In January I wrote a short piece for Foreign Policy arguing that the current military commission system is much less problematic than some critics claim though also not the ideal solution some perceive it to be. Among other things, the piece resulted in an online and offline exchange of views with Raha Wala of Human Rights First, who takes a more skeptical view of the commission system (Raha also is the author of a good paper addressing some of the substantive issues currently pending before the CMCR in al-Bahlul). I invited Raha to restate his objections in the form of a guest post, and am pleased to present it here (I’ll leave my original piece to speak for itself rather than respond further):
Let me first say that I enjoyed your Foreign Policy piece (even if I remain critical of it in several respects and continue to believe it provides “middle-of-the-road” cover for supporting military commissions). I thought it was a pretty fair and accurate assessment of where things stand politically and legally on the viability of military commissions as a vehicle for trying Guantanamo detainees. And I strongly agree with one half of your central argument: that military commissions are not the “solution that their supporters imagine.” Indeed, Human Rights First has for a long time pointed out that if the metric is number of convictions, or conviction rate, Article III federal courts have pretty convincingly trounced military commissions. With that said, I disagree just as strongly with the second half of your central argument: that military commissions aren’t as bad as civil liberties advocates think.

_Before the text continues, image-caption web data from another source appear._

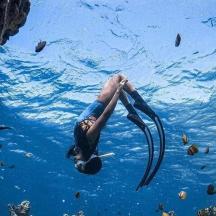 a woman is swimming in the water with aqual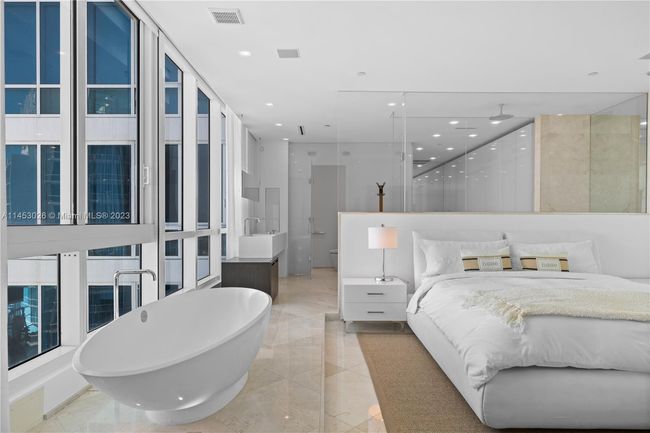 APT-3207 - 100 S Pointe Dr, Condo with 4 bedrooms, 5 bathrooms and null parking in Miami Beach FL | Image 14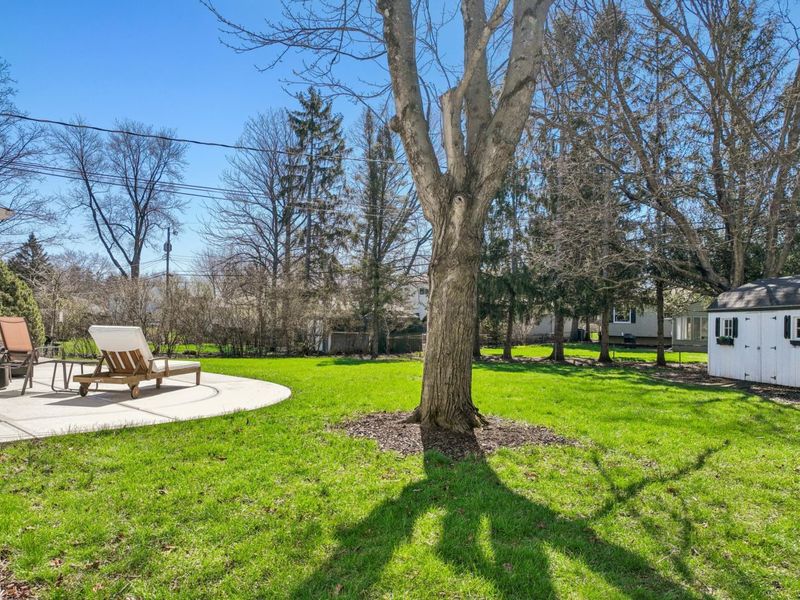 1435 Havencrest Court, Columbus, OH 43220 Photo 3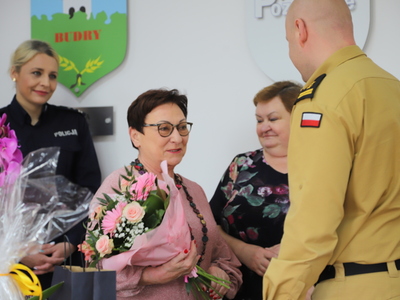 przedstawiciele służb mundurowych wręczają prezent dla Przewodniczącej Rady Powiatu w Węgorzewie 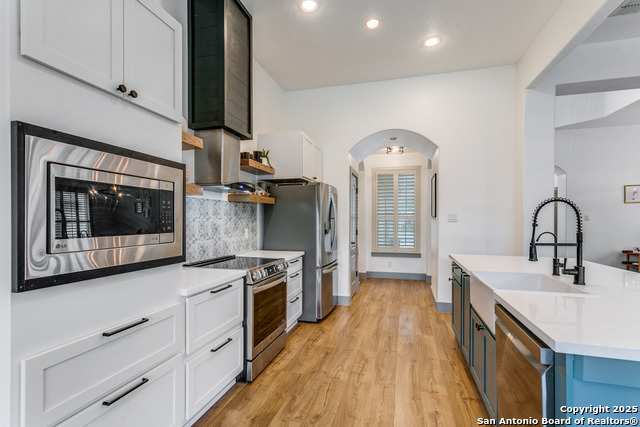 Image 14 of 31 For 27 Avalon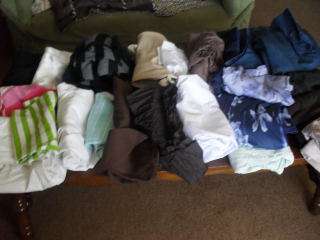 23 VERY NICE ITEMS OF LADIES CLOTHING....EXCELLENT VALUE HERE ALL FOR 1 BID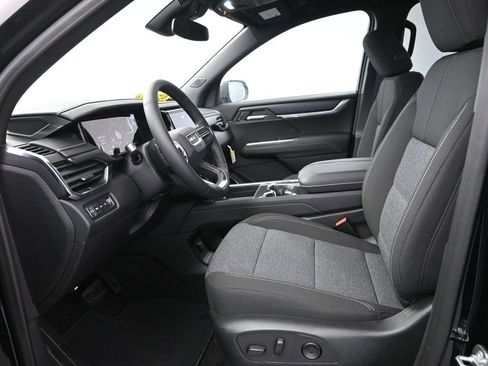 New 2025 GMC Acadia Elevation image 13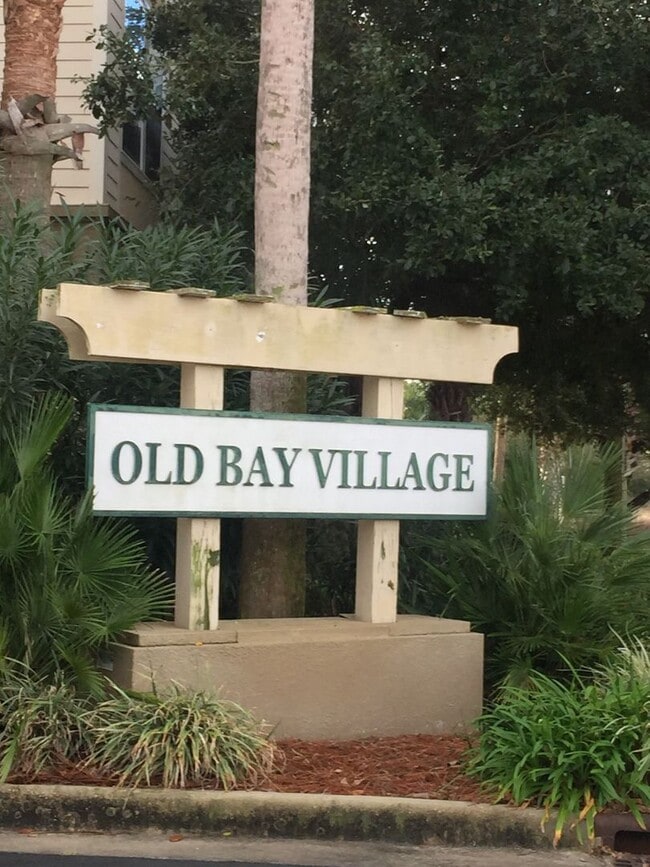 Building Photo - Newly renovated 2 Bed/2 Bath condo in heart of Destin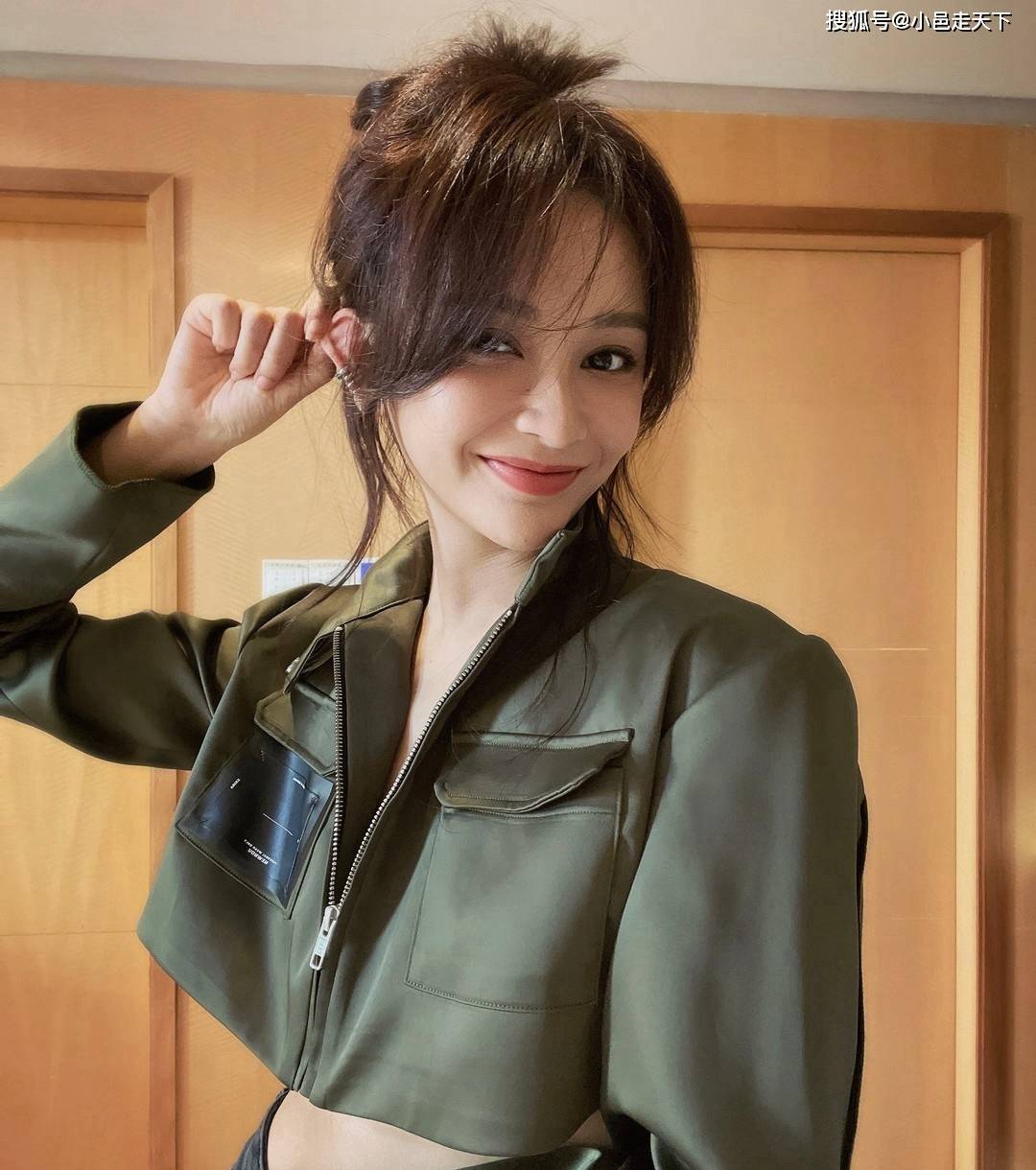 王一菲绿色衬衣高马尾性感写真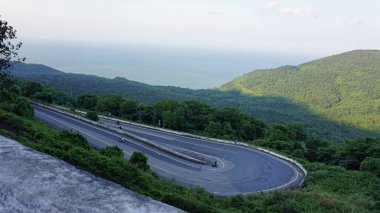 Vietnam 'da Da Nang ve Tue arasında bir yol var.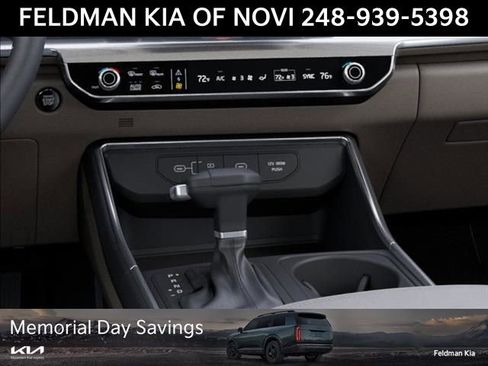 New 2026 Kia Carnival FWD image 24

One reason I disagree is that I think we have different ideas in mind for what the appropriate baseline is for judging the merits of military commissions. In presenting your case for why military commissions are not that bad, you note that the current legal architecture for the military commissions – the Military Commissions Act of 2009 – is a substantial improvement over its predecessors, in part because the Supreme Court forced the issue in Hamdan v. Rumsfeld. You are right about this, but the first post-9/11 military commissions (which were problematic in too many ways to mention) are not, and should not be, the baseline for comparison. Instead, the baseline is whether the military commissions are “regularly constituted court[s] affording all the judicial guarantees which are recognized as indispensable by civilized peoples,” as is required by the Geneva Conventions. And this, in turn, means that individuals accused of war crimes should generally be tried in the domestic courts available (Article III courts, or courts martial at the very least), not extraordinary courts with different, substandard judicial guarantees.
Now, you do go on to compare the judicial guarantees of the military commissions with those of Article III, federal courts. But even here I think you understate the differences between the two, and give insufficient weight to the value of these differences. First, you claim that statements obtained from torture or cruel, inhuman, and degrading treatment are not admissible in military commissions, but I think that’s far from clear either as a matter of law or practice. Lax hearsay rules (which is a separate problem, as you note) could allow such statements in, as could a rule that allows coercive statements to be admitted if it is “in the interest of justice.” Indeed, the prosecution of Omar Khadr raises serious questions regarding whether statements obtained as a result of torture will be barred in military commissions. Second, as you point out, whether defendants at Guantanamo will be afforded all the constitutional protections typically afforded to criminal defendants remains to be determined. But what you fail to point out is that as a matter of policy, the government continues to forcefully argue that the procedural guarantees of the Constitution don’t apply at Guantanamo. Third, there is the day-to-day practice of the military commissions trials, which is very unfriendly to the defendant; the pattern of resignations of military commissions prosecutors and the ongoing, vocal complaints from detainees’ defense counsel regarding their inability to fully advocate on behalf of their clients, are not mere coincidence. I could go on, but I think it’s fairly clear that we probably disagree on the degree to which military commissions provide the robust procedural safeguards of Article III, federal courts.
The most fundamental issue relates to the principle of legality and although you raise this issue, I think you give it short shrift. Military commissions were designed to try combatants for serious violations of the laws of war, but most of the Guantanamo detainees slated for military commission trials are either civilians or low-level combatants; none, as far as I’m aware, have been charged with any universally recognized war crime. You do note that whether military commissions can legitimately prosecute conspiracy, material support, or unlawful killing – the three charges most frequently used in military commissions cases – remains a “hot issue,” but you don’t seem to appreciate the gravity of the concerns human rights advocates have about this. International legal scholars agree that these are not war crimes and, even if these crimes could be codified as such, doing so and moving forward with prosecutions would constitute ex post facto punishment and violate the universal principle of legality. Thus the legality issue isn’t merely about whether the military commissions are “useful” for incapacitating terrorists, as you put it; it is about the sanctity of international law generally, and International Humanitarian Law in particular.